▸ DATASET RECORDS:
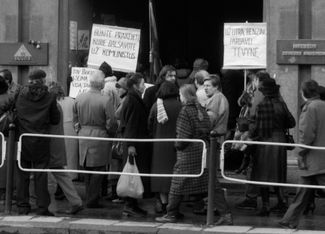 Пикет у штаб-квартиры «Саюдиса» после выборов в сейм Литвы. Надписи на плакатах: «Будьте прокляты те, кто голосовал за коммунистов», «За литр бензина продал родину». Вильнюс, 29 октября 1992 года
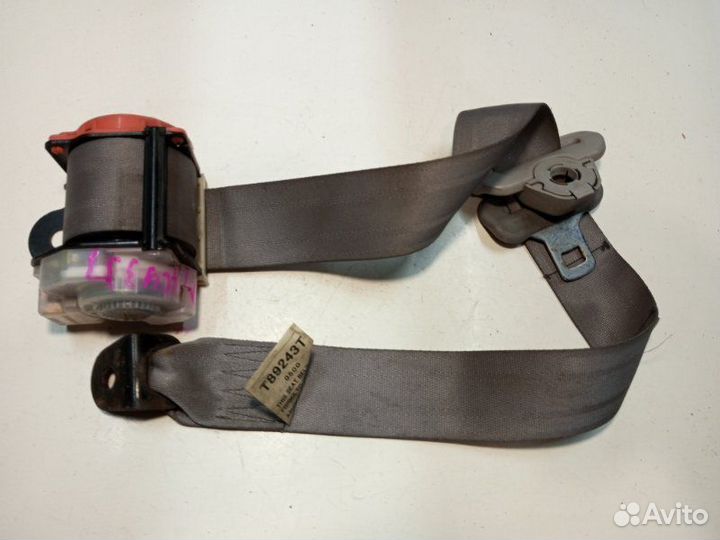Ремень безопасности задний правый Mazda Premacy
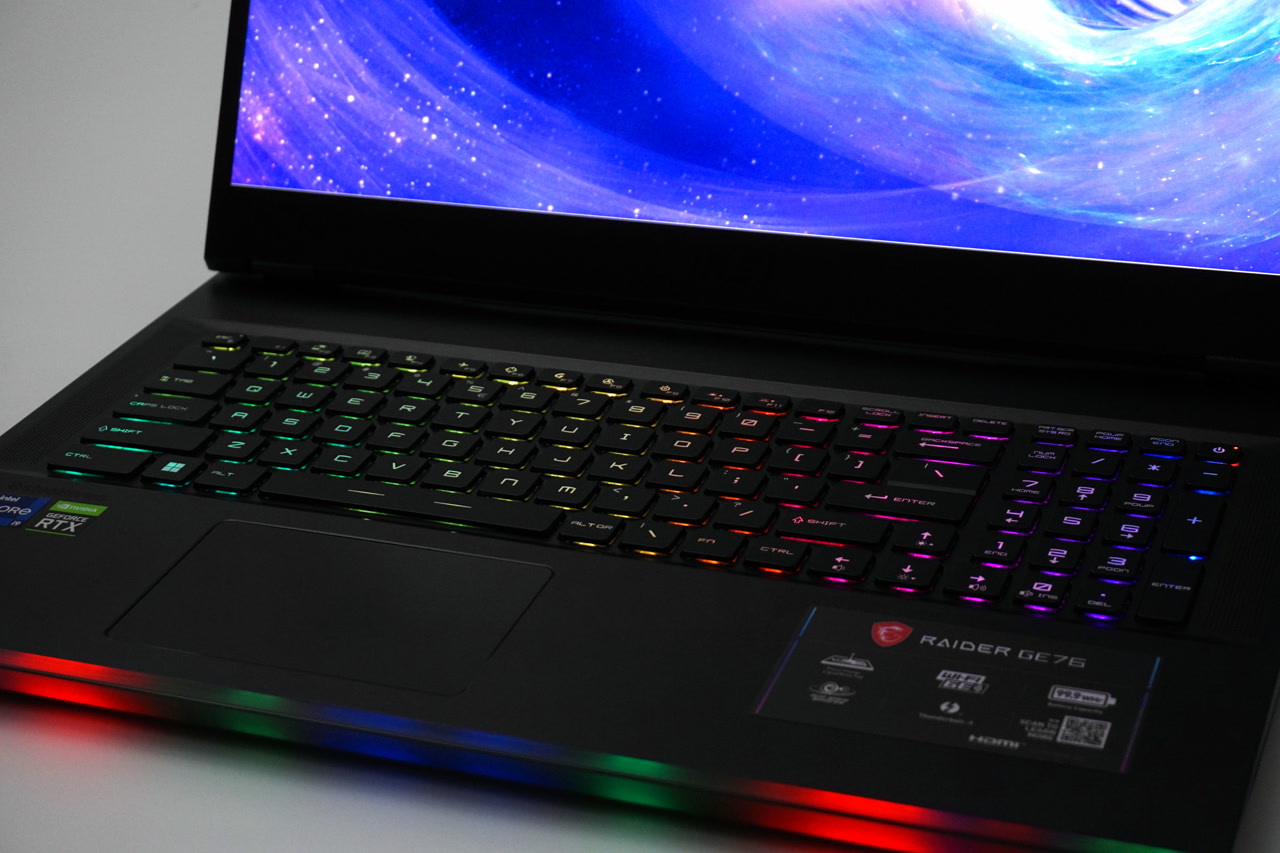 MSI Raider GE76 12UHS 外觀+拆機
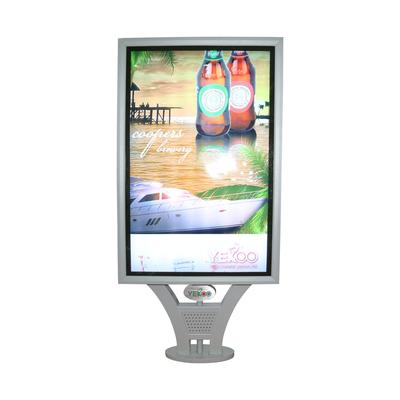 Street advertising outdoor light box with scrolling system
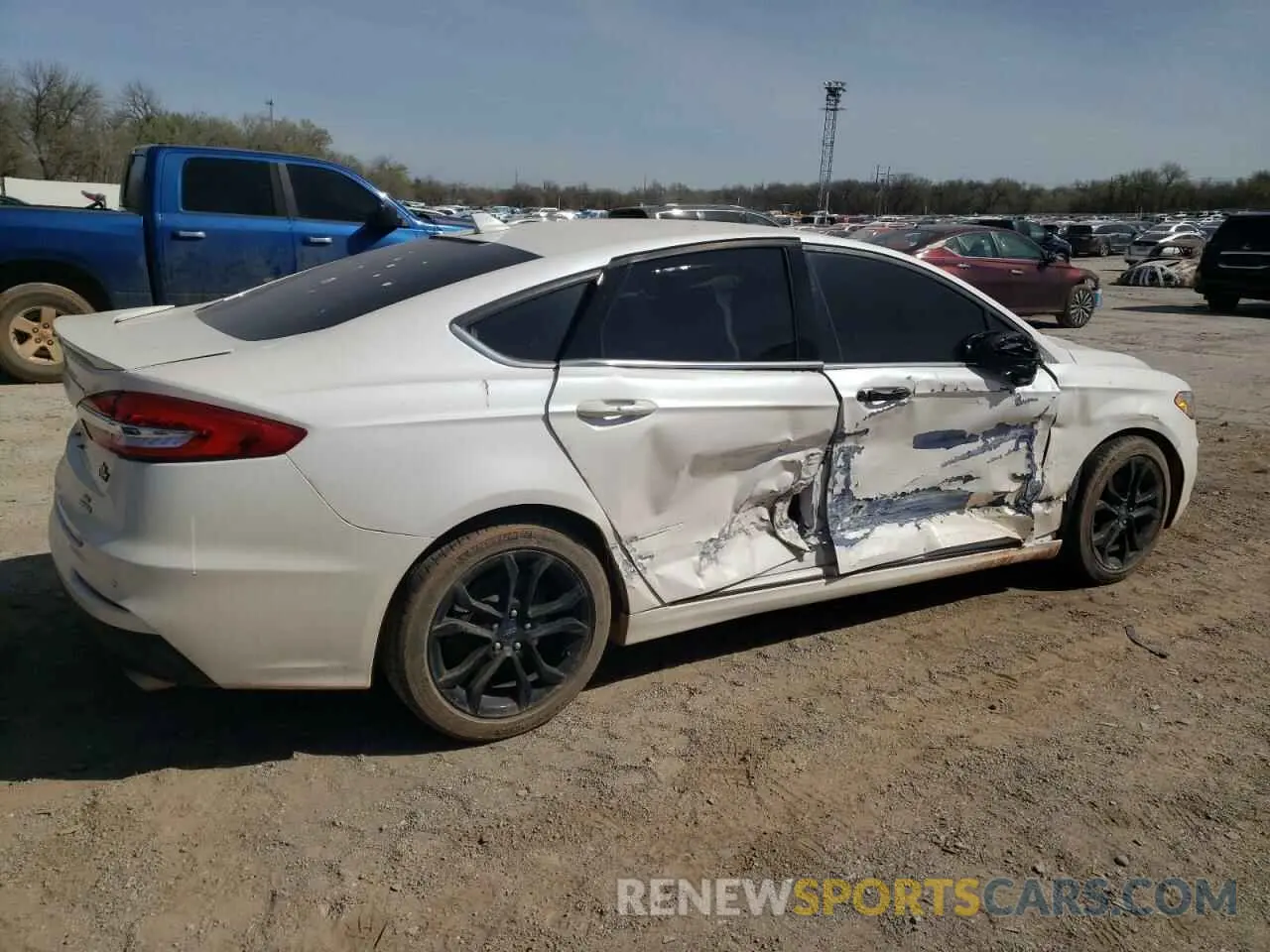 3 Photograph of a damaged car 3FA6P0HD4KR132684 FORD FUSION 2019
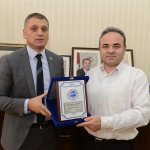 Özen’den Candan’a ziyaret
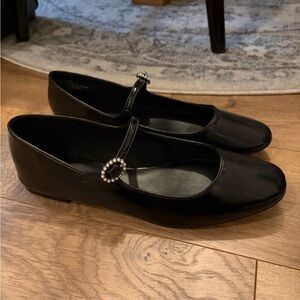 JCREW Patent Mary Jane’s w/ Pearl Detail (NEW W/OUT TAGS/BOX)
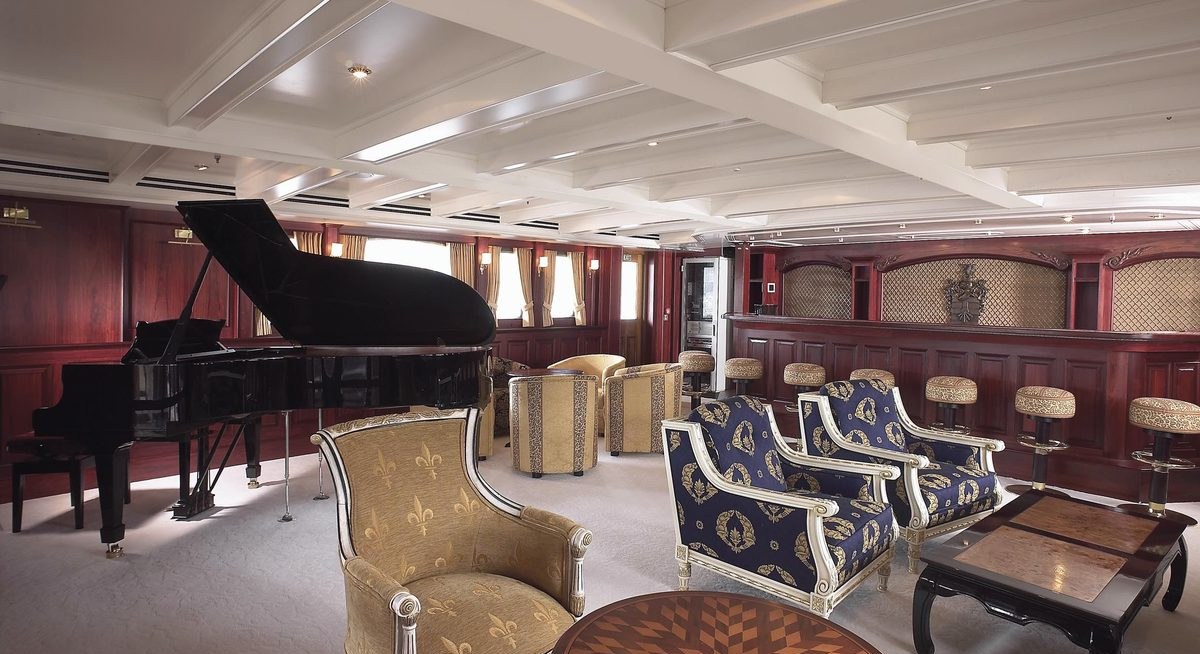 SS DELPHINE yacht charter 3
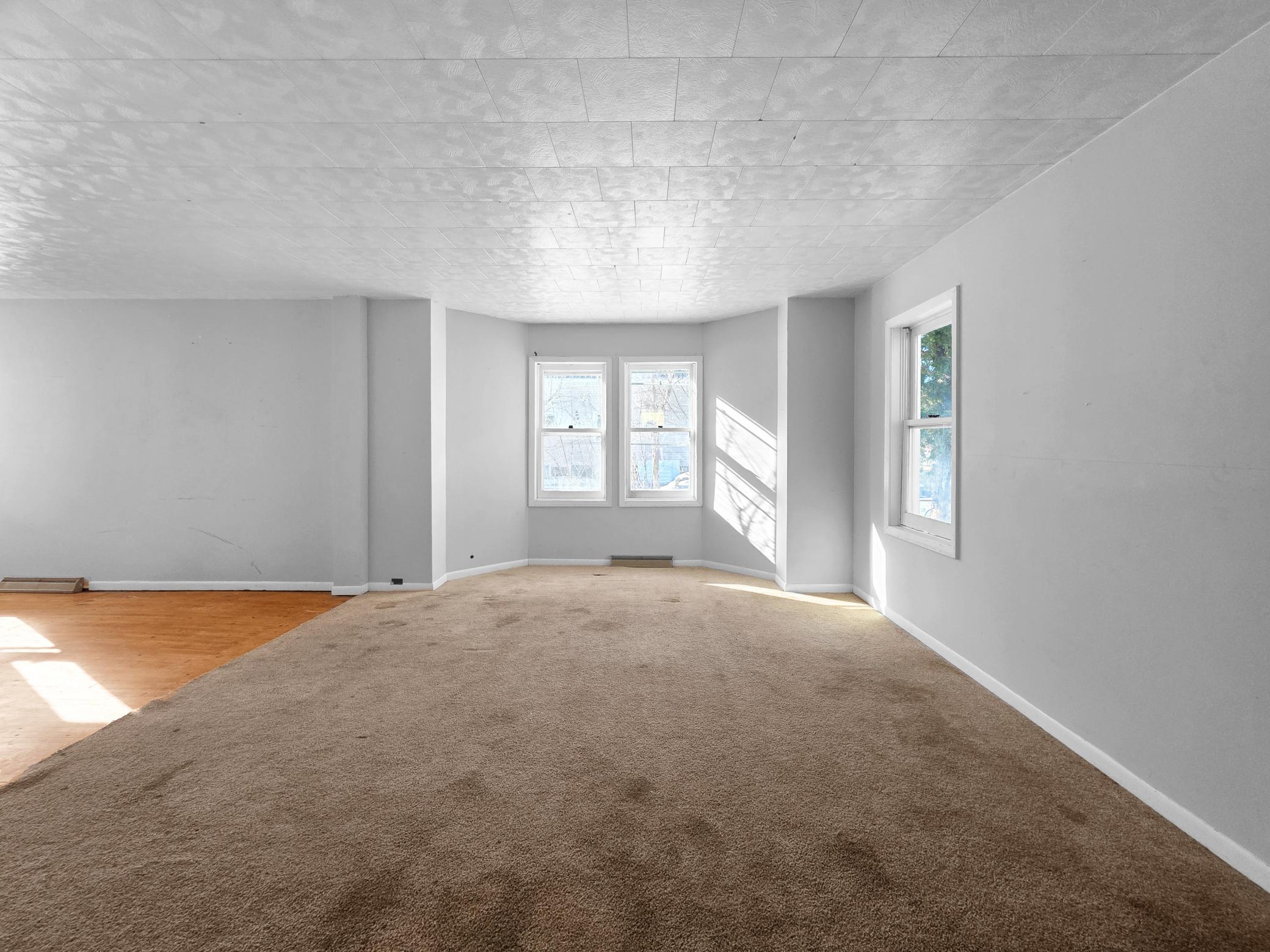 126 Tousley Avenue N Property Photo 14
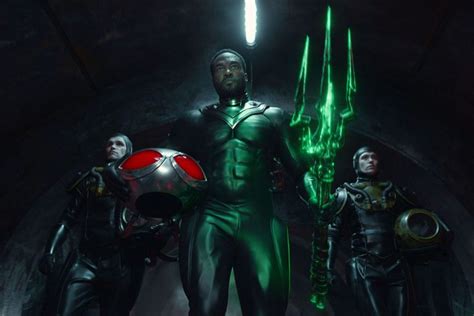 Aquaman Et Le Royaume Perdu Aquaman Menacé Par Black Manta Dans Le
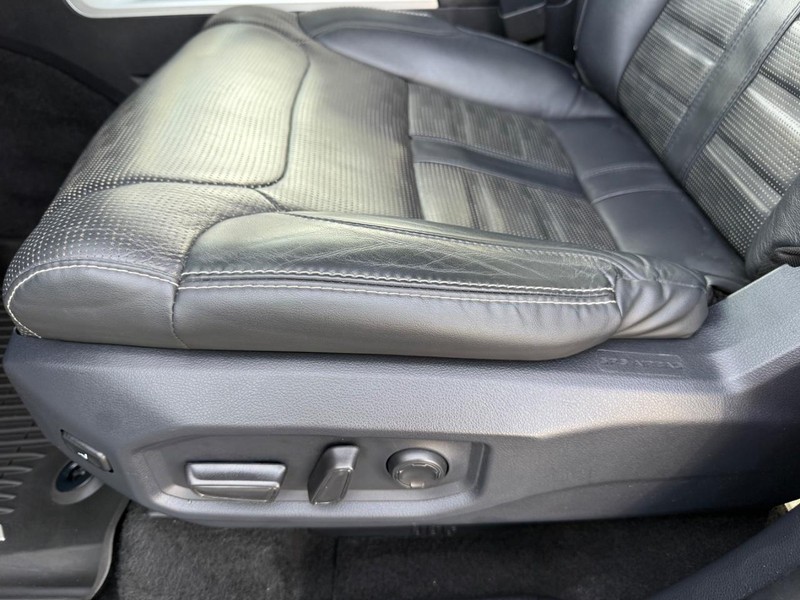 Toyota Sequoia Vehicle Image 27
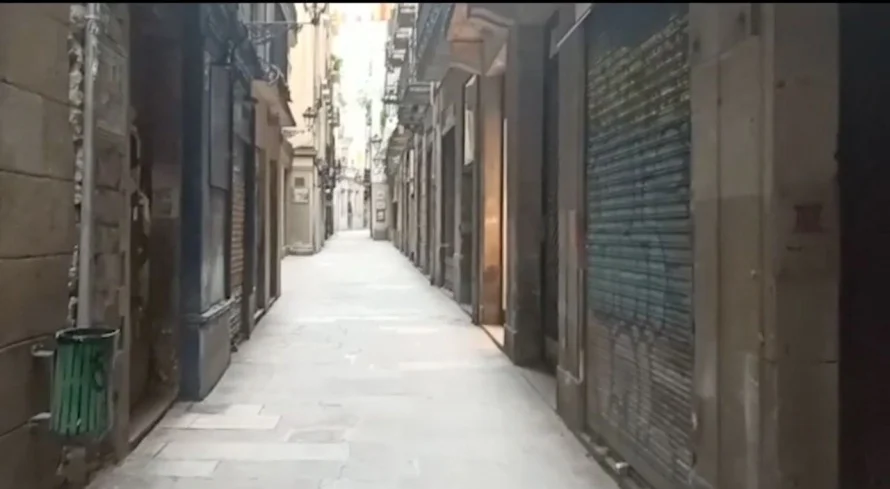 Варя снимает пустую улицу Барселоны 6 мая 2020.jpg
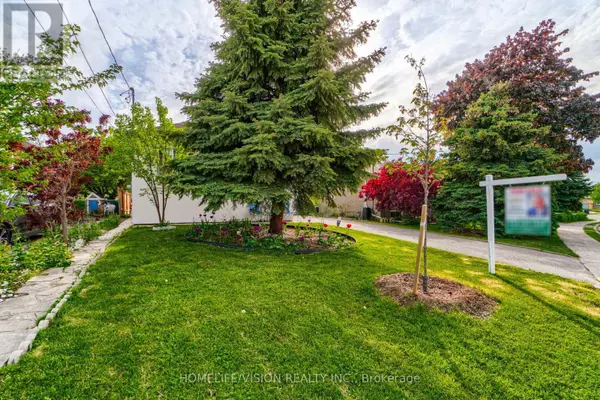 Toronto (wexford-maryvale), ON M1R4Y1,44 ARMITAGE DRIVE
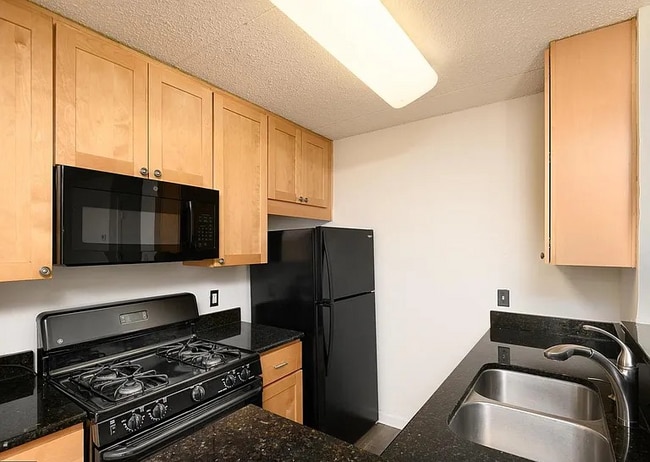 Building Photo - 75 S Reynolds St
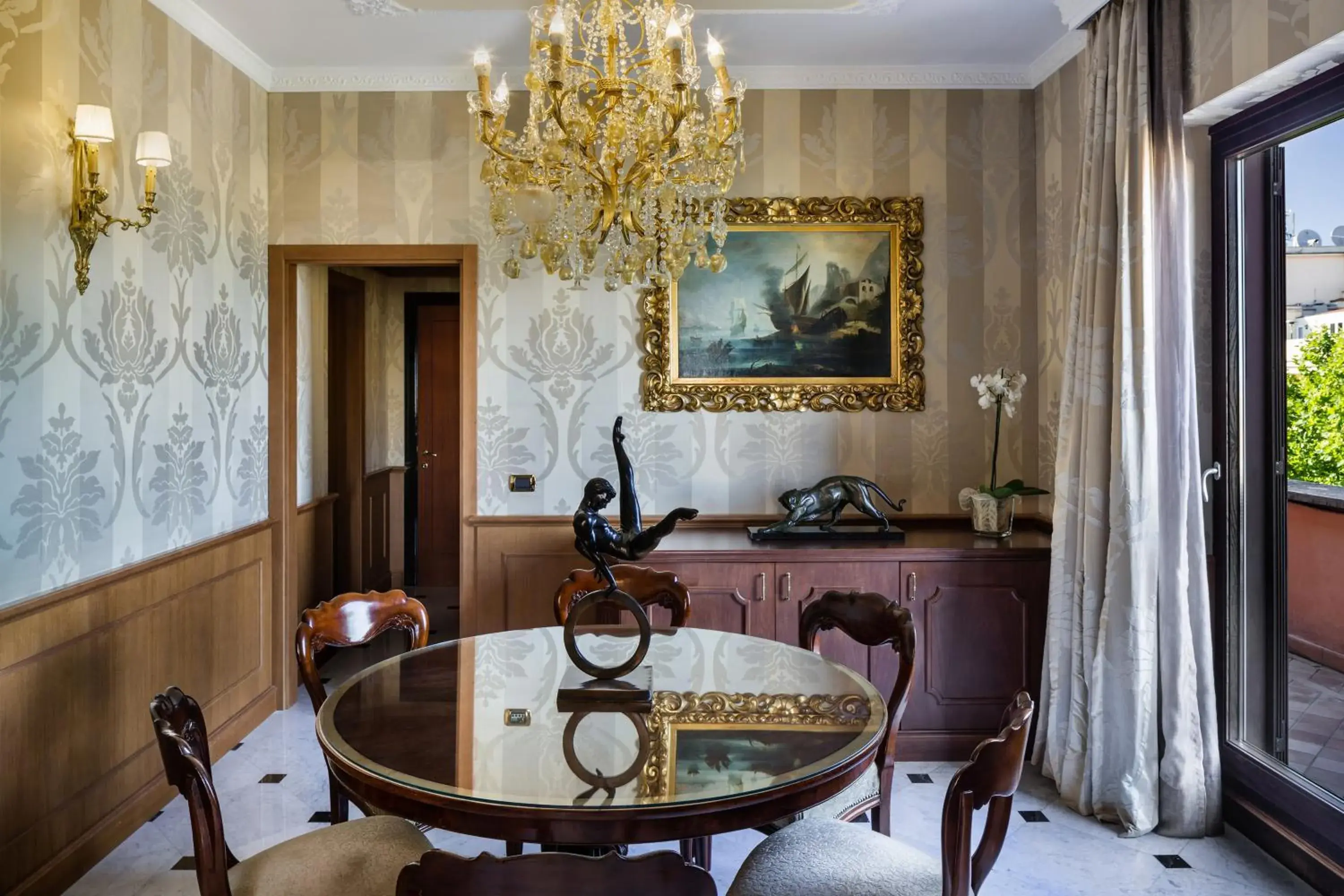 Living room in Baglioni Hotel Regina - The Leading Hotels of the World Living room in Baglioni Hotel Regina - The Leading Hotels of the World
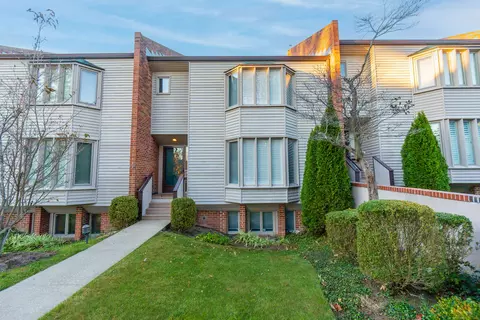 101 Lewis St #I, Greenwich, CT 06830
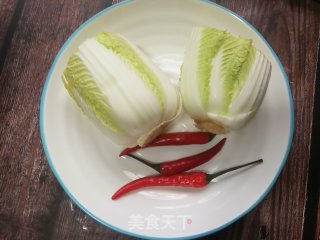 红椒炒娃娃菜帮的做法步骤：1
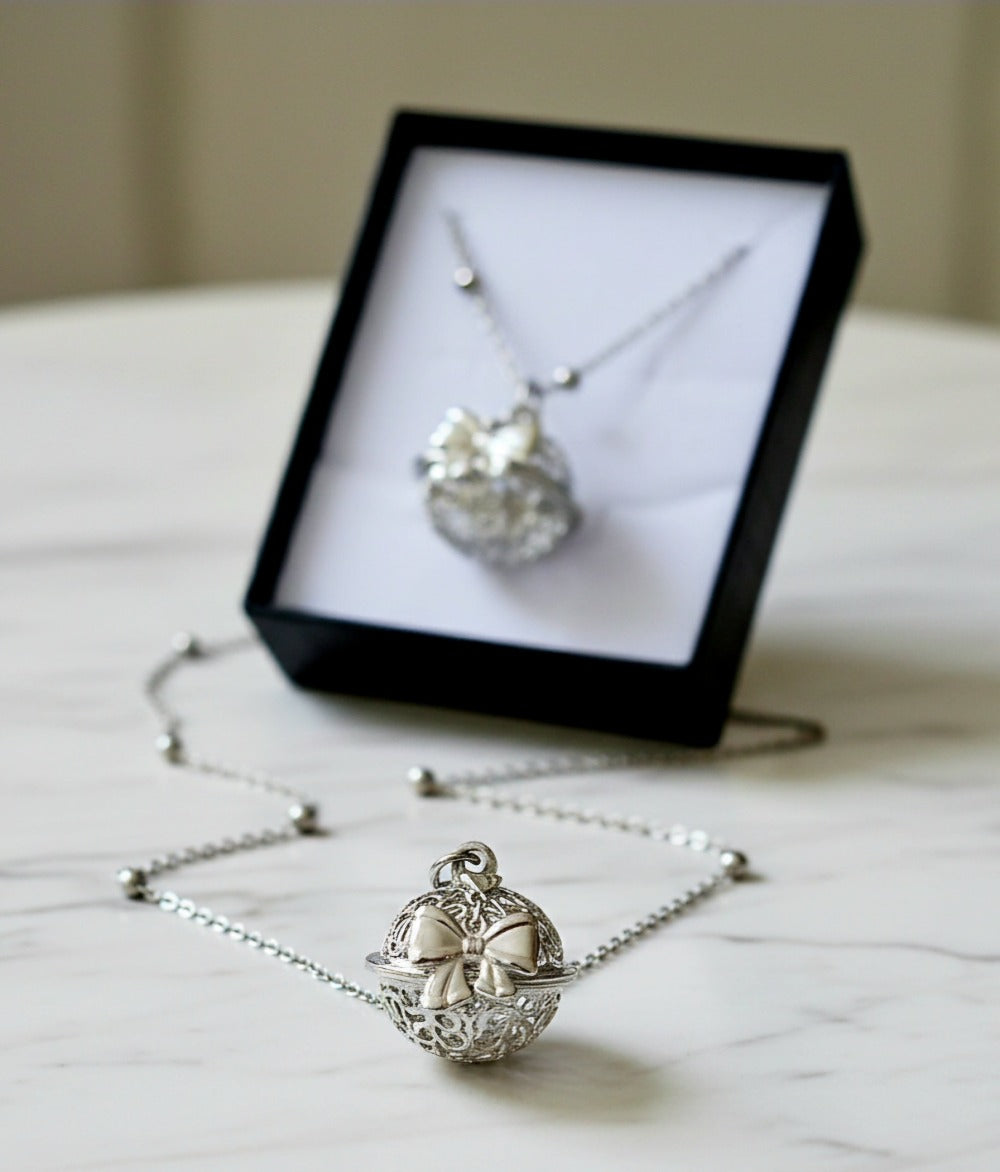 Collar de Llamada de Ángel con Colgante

▸ YOUR GOAL: Leaving out every picture, extract verbatim the lines from the one containing "SS DELPHINE yacht charter 3" through the last line of the listing, inclusive.

▸ YOUR SOLUTION:
 SS DELPHINE yacht charter 3
 126 Tousley Avenue N Property Photo 14
 Aquaman Et Le Royaume Perdu Aquaman Menacé Par Black Manta Dans Le
 Toyota Sequoia Vehicle Image 27
 Варя снимает пустую улицу Барселоны 6 мая 2020.jpg
 Toronto (wexford-maryvale), ON M1R4Y1,44 ARMITAGE DRIVE
 Building Photo - 75 S Reynolds St
 Living room in Baglioni Hotel Regina - The Leading Hotels of the World Living room in Baglioni Hotel Regina - The Leading Hotels of the World
 101 Lewis St #I, Greenwich, CT 06830
 红椒炒娃娃菜帮的做法步骤：1
 Collar de Llamada de Ángel con Colgante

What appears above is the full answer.